Open SINAPSA-IC opened 4 months ago
Similar issue with the following setup:
GPT4All 3.1.1 MacBook Air M2 24GB RAM under macOS Sonoma 14.5 Model: Gemma-2-9B-it-Q8_0
See screenshots for further details.
Please provide links to where you got the model from, as the date of quantization is very important and the config that was used for quantization too.
Gemma-2-9B-it is not officially supported yet. There are some issues with that model. You will have to quantize it with custom configuration. Maybe Nous Hermes 2 Mistral DPO requires re-quantization too. I would need to look up its config files. It has been a while since it was added to GPT4All and upstream llama.cpp has changed a lot during that time, so old quants might have to be deprecated.

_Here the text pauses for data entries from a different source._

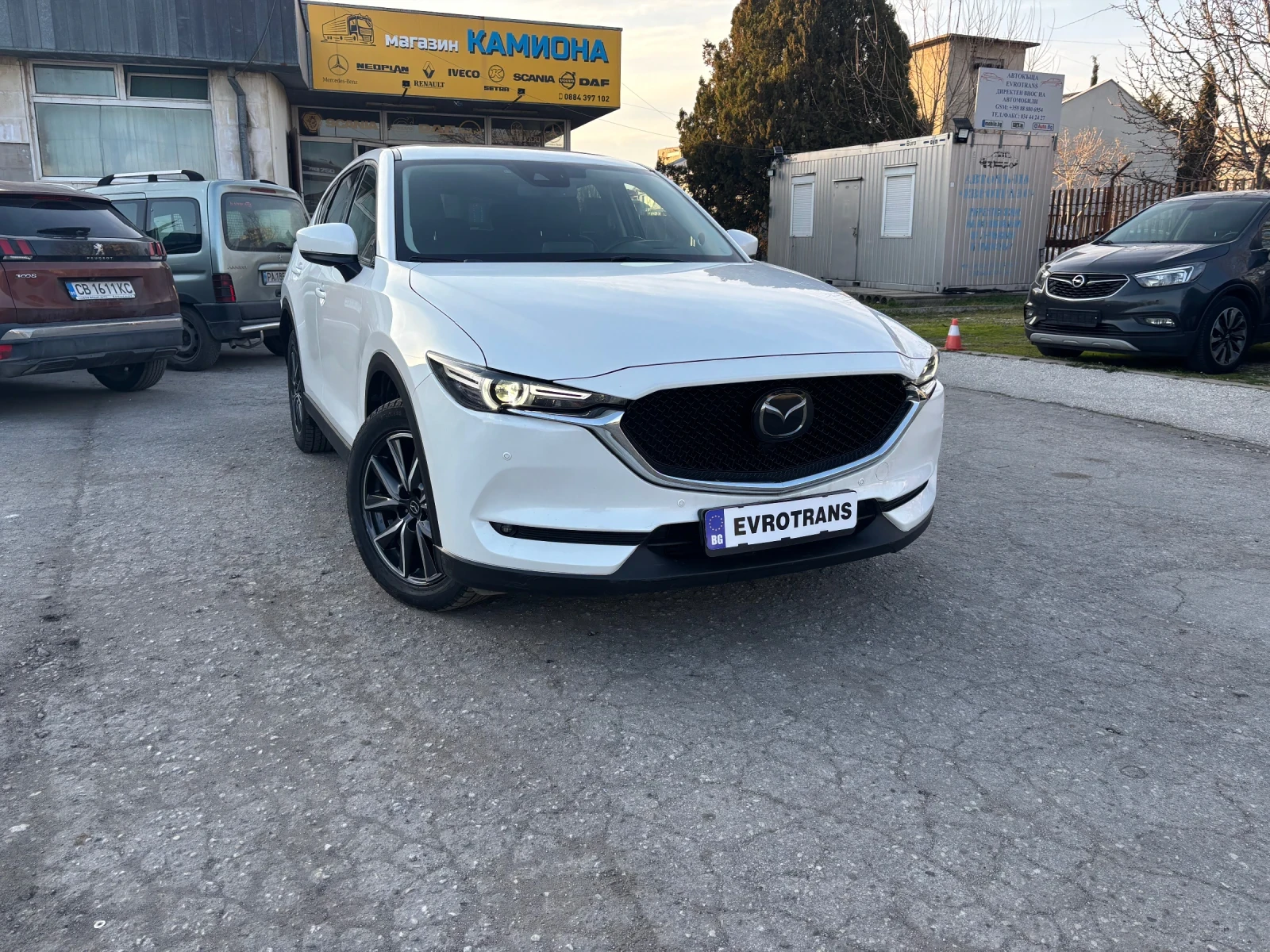 Mazda CX-5 2, 2 Skyactiv / кожа/ Камера / Нави/ Keyless go, снимка 2 - Автомобили и джипове - 53759602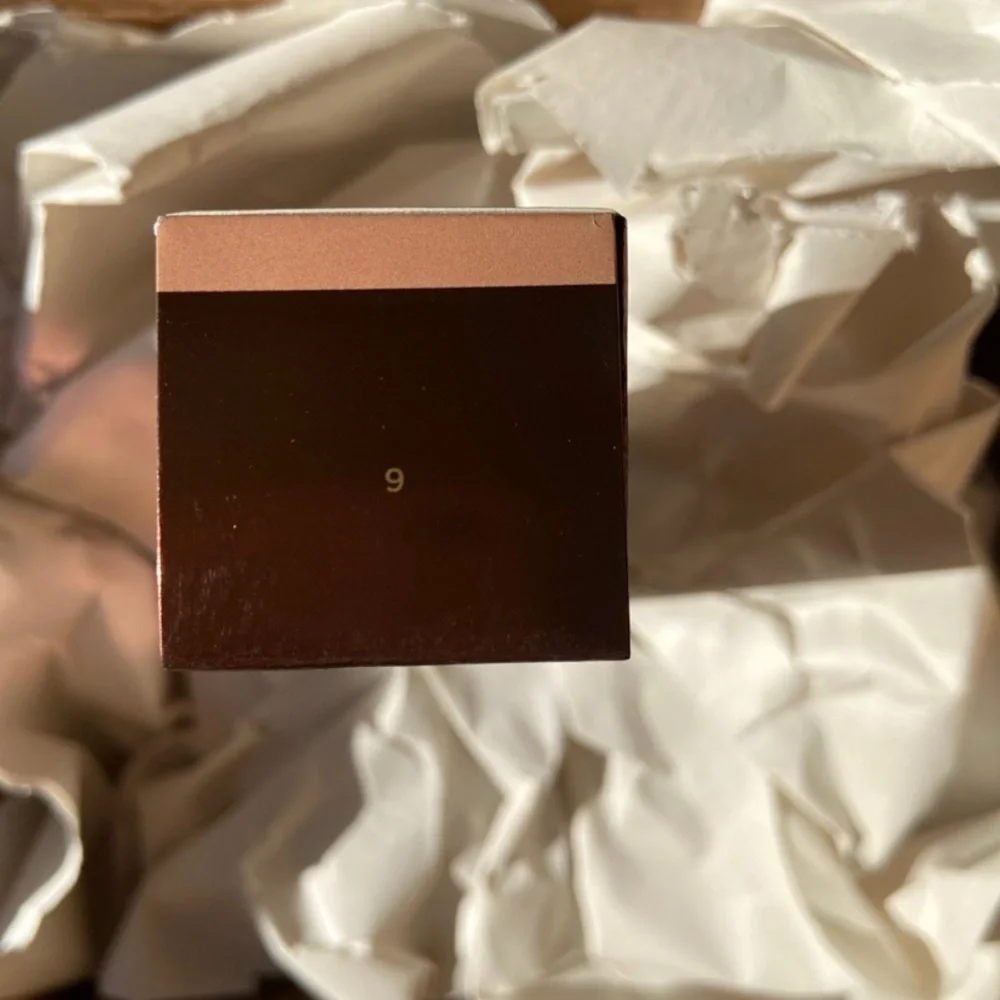New Hourglass Veil Hydrating Skin Tint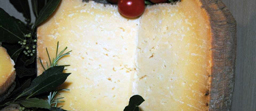 Formaggio pecorino stagionato madonita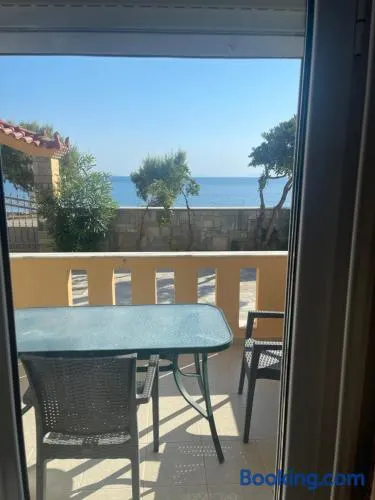 evia mourteri Apartment - Image 1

Could also be that this is a sign of the model being finetuned badly, if it only happens very rarely.
Here is the link to the Gemma-2 model quantisation dating from July 16 and which I downloaded on July 26. https://huggingface.co/lmstudio-community/gemma-2-9b-it-GGUF/blob/main/gemma-2-9b-it-Q8_0.gguf
Might also be related to https://github.com/nomic-ai/gpt4all/pull/2701
@benja0x40 your issue is not the same—this is the model intentionally sending one (effective) EOS token as it was trained to, but the GGUF file specifies a different one. Unless the model authors change their EOS token to the actual EOT token, or llama.cpp implements a way to have multiple recognized EOS tokens (e.g. by specifying EOS and EOT separately), we can only work around this (see #2439).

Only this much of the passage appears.